A combination of two file photographs shows a member of staff working on the Eurofighter Typhoon production line at BAE systems and the nose cone of an Airbus A380 next to the tail fin of an Airbus A320 at the Farnborough Airshow 2012

The key hurdle in creating Europe's biggest aerospace and defence firm could lie with a decision to be taken in Washington, analysts say, as investors continue to question the success of the proposed $45bn tie-up between BAE Systems and EADS.

The largest US defence industry lobby group has long resisted giving Airbus, Boeing's chief rival, a seat at the table when it bargains for contracts from the US Department of Defence (DoD) because of the 15 percent ownership of the French government. With Germany set to acquire a similar-sized stake in EADS, the parent company of Airbus, from automaker Daimler AG, some analysts are beginning to speculate that any combined group would need to separate its US operations in order to protect access to lucrative US military and civil aviation contracts.

"Our preliminary assessment, based on the simple assumption of no major changes to the two businesses when combined, results in a "strong" business risk profile," wrote analysts at the credit ratings firm Standard & Poor's.

"[However], downward pressure could arise from integration risks and changes to the business configuration related to a possible carve-out of sensitive defence-related business areas - especially in the US, where BAE Systems has significant operations."

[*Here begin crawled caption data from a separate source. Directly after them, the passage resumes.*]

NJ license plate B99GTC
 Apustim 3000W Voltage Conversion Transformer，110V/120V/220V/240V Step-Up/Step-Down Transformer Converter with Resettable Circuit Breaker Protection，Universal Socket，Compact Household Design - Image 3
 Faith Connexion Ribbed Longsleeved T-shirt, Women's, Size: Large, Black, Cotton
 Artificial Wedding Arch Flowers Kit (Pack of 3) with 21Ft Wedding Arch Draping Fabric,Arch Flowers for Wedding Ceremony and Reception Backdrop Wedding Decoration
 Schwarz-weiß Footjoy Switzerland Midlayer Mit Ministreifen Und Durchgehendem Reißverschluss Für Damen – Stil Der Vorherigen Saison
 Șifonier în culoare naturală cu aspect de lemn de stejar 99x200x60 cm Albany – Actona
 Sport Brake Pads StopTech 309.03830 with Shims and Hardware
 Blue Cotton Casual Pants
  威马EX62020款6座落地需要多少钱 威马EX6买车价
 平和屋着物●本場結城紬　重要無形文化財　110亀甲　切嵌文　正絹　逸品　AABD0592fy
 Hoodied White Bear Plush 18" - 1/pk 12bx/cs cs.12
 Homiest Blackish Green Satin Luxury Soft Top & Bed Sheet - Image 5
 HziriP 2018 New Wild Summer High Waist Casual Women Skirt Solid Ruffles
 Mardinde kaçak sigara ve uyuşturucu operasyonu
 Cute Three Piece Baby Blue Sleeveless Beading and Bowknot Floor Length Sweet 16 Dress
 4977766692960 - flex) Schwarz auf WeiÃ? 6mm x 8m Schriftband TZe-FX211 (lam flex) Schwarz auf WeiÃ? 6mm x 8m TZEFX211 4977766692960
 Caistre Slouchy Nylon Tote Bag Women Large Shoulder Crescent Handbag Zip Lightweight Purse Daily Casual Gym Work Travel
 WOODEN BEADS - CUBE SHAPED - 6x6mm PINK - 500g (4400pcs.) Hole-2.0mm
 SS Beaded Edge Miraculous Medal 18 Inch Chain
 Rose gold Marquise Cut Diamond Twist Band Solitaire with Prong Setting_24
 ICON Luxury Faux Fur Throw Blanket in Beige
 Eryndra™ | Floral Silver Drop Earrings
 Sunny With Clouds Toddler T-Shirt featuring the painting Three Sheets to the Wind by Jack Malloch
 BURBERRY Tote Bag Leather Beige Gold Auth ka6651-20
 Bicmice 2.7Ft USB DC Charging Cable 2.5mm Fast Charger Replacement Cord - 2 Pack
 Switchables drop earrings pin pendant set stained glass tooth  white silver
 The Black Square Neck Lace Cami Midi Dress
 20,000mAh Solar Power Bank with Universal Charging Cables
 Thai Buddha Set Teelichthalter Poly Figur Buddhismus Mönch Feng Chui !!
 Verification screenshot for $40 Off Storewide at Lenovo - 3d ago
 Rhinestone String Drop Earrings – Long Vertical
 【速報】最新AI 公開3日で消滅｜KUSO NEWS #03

BAE generates around $7.3bn each year from business with the US DoD, more than seven times more than the $684m generated by EADS. Boeing does around $22.1bn each year as the DoD's number two partner after Lockheed Martin. With US government plans to trim as much as $500bn from the DoD's budget over the next 10 years, analysts say competition for contracts will increase significantly and domestic job creation could mean the difference between winning and losing lucrative business.

German automaker Daimler told the Reuters news agency last week that it may consider dumping its 22.5 percent stake in EADS, the parent of Airbus and the world's largest planemaker, if the "planned transaction would also be linked to a possible dissolution of the Shareholder Pact."

Both the Spanish and French governments also own stakes in EADS, as do certain German federal states and some of its banks. France's finance minister, Pierre Moscovici, issued a statement through his office Wednesday saying the government would decide on a course of action in its own time and within the governance rules of the group.

The German government has denied an earlier report that it had given approval for the merger, although it said in a statement Thursday that it had been informed of the merger and was asked for its support. Officials in Britain and the United States have told Reuters they will also examine the deal if asked.

Airbus, which plans to set up an assembly plant for its jumbo A320 in Mobile, Alabama, has tried unsuccessfully to join the main industry lobby group, the Aerospace Industry Association of American (AIA), largely because of concern over its partial state ownership. US units of part-state owned Thales and Safran have what is known was associate membership, but the size and scale of Airbus has kept them out of the group which includes Boeing as well as UK-based firms such as Rolls-Royce and BAE Systems.

"We also believe that the complex ownership structure and partial government ownership could constrain the combined company's ability to expand its US business, as demonstrated by the long, acrimonious competition between Boeing and EADS to produce aerial refuelling tankers for the US Air Force," S&P analysts wrote on 13 September.

Noting the cross-pollination of ownership within EADS that includes both national governments and some if its European commercial rivals, analysts at Moody's Investors Service has suggested that "extra ring-fencing of certain operations beyond existing structures will likely be a requirement if the transaction proceeds to successful completion", senior vice-president Russell Solomon wrote in the company's Weekly Credit Outlook report.

"As such, even higher-level management complexity than exists today would be an important risk factor for the combined entity. These complex interrelationships could complicate, delay, or outright preclude requisite regulatory approvals of an EADS-BAE merger."

Under UK takeover laws, the two groups have until 10 October to declare their formal intentions of their proposed 60-40 merger.